• **TASK STATEMENT**
Skip pictures in the listing below; copy exactly the lines from the one with "5 Powerful Ways" through the one with "We can enable", inclusive.

• **RECORDS FOR THE EXERCISE**
====

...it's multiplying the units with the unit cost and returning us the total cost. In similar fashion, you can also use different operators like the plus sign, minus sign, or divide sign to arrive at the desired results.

====

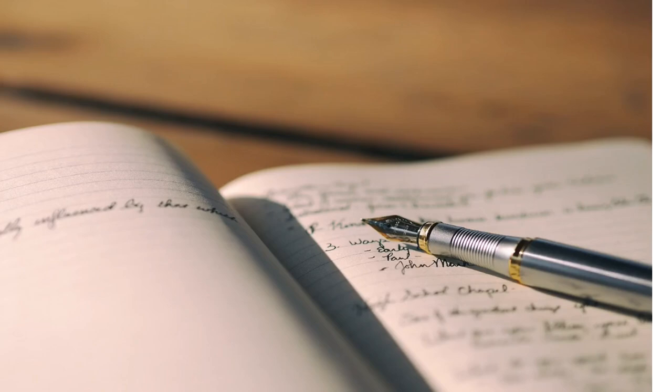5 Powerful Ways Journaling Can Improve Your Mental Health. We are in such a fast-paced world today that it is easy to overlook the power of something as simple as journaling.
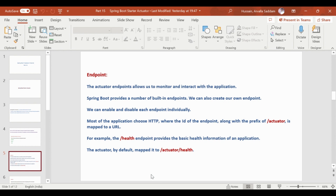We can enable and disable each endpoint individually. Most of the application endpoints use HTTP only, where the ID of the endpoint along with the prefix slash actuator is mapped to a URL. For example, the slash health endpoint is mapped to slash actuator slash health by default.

====

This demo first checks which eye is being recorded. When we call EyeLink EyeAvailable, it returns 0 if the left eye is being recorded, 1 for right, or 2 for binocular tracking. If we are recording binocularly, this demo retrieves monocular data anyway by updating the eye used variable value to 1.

====

• **ANSWER TO THE EXERCISE**
5 Powerful Ways Journaling Can Improve Your Mental Health. We are in such a fast-paced world today that it is easy to overlook the power of something as simple as journaling.
We can enable and disable each endpoint individually. Most of the application endpoints use HTTP only, where the ID of the endpoint along with the prefix slash actuator is mapped to a URL. For example, the slash health endpoint is mapped to slash actuator slash health by default.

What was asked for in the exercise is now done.